Brother and sister both in US Navy reunited after being apart for 30 years

SAN DIEGO - A brother and sister -- both in the U.S. Navy -- were reunited recently after being separated 30 years ago.

Cmdr. Cindy Murray, a senior nursing officer at Naval Medical Center San Diego's Military Health Center, was eight years old when she was separated from her brother, Chief Aviation Ordnanceman Robert Williamson, who is stationed at a little more than 300 miles away at Naval Air Station Lemoore.

Murray moved from Denver and lost contact with her brother after her mother and father split up in the late 1970s. Williamson stayed in Denver with his father.

"I waited my whole life to see him again," said Murray. "I remember holding him in my arms when he was just a tiny baby."

"I've known Cindy was there and I have always tried to locate her, but I could never lock down where exactly she was," added Williamson.

Murray said she called her father, who she had not spoken to since she was 20 years old, and he informed her brother was in the Navy.

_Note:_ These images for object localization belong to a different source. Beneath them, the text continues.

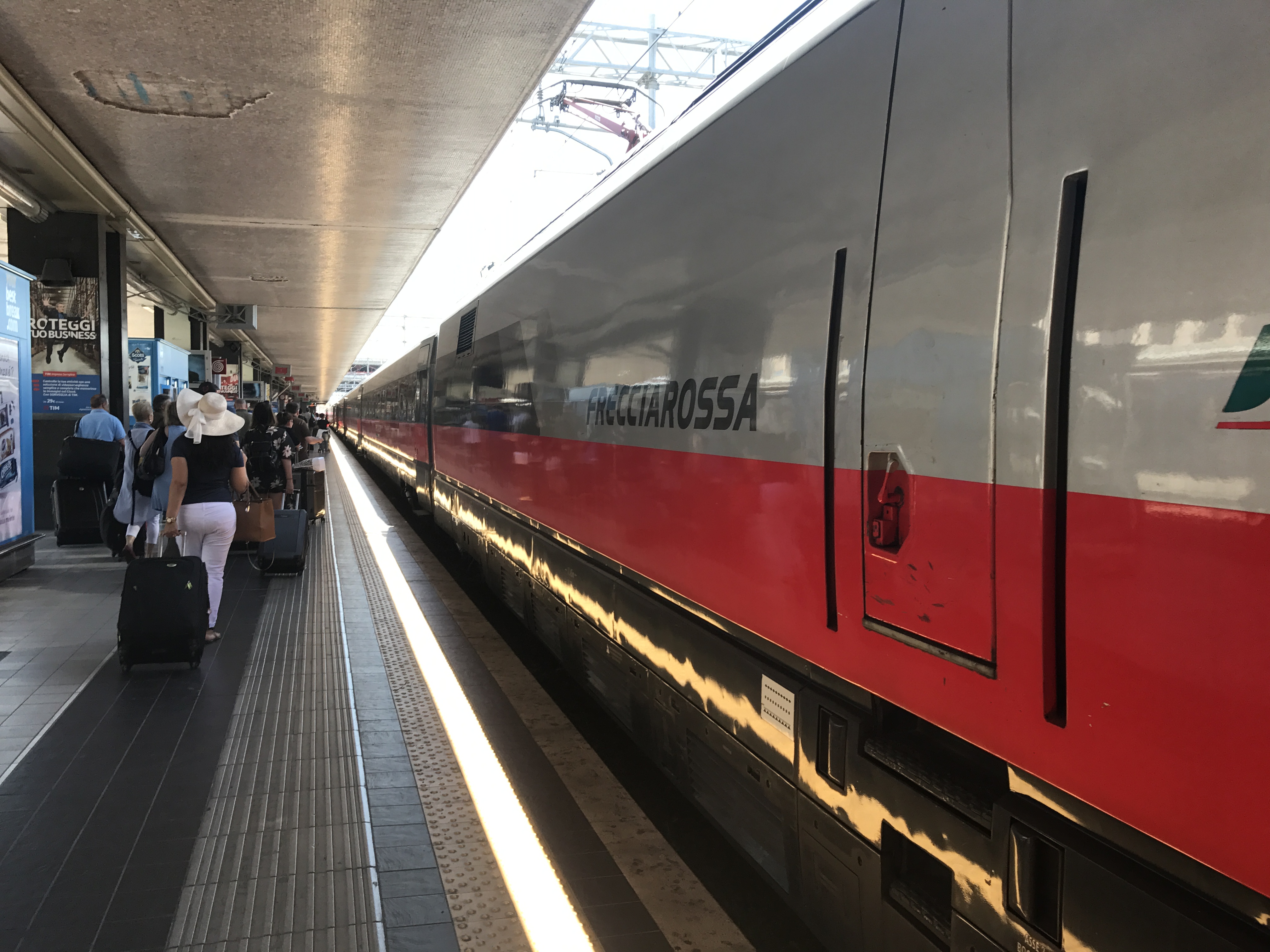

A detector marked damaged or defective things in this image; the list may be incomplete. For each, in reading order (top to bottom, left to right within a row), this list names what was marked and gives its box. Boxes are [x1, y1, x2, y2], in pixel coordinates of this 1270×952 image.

concrete ceiling with peeling paint [0, 0, 589, 399]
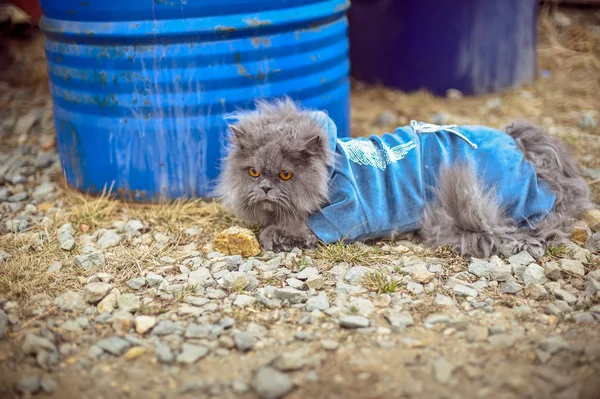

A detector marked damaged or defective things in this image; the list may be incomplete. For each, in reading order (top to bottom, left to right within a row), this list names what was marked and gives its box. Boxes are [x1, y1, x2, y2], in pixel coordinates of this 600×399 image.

rusty blue barrel [39, 0, 350, 200]
rusty blue barrel [350, 0, 536, 96]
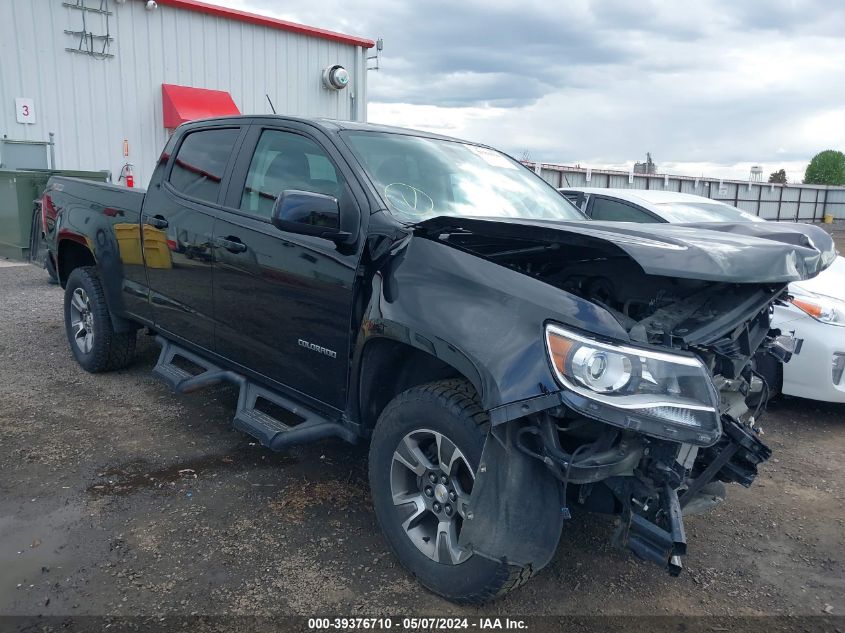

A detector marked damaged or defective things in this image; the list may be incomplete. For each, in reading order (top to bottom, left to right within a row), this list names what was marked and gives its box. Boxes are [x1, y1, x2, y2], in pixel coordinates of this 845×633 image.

With the help of her leading chief petty officer, Chief Petty Officer Hospital Corpsman Jeremy Simon, Murray was able to finally track down her brother.

Williamson said he received a mysterious phone call.

"It was kind of funny. Being a chief [in the Navy] we have chiefs everywhere. I was at work really busy and then I was told that there is [a chief] and a commander from San Diego that is on the phone for me," explained Williamson.

Soon, Simon connected brother and sister by phone.

"I said, 'This is your sister Cindy, I can't even believe this is happening. Do you have any idea how long I have been looking for you? I've looked for you forever and here you are in the Navy, we were practically under each other's noses,'" said Murray. "It was a very emotional phone call."

Williamson said of the phone conversation: "It was overwhelming! You have a million questions that you want to ask. I was so excited I even forgot to ask what she does in the Navy."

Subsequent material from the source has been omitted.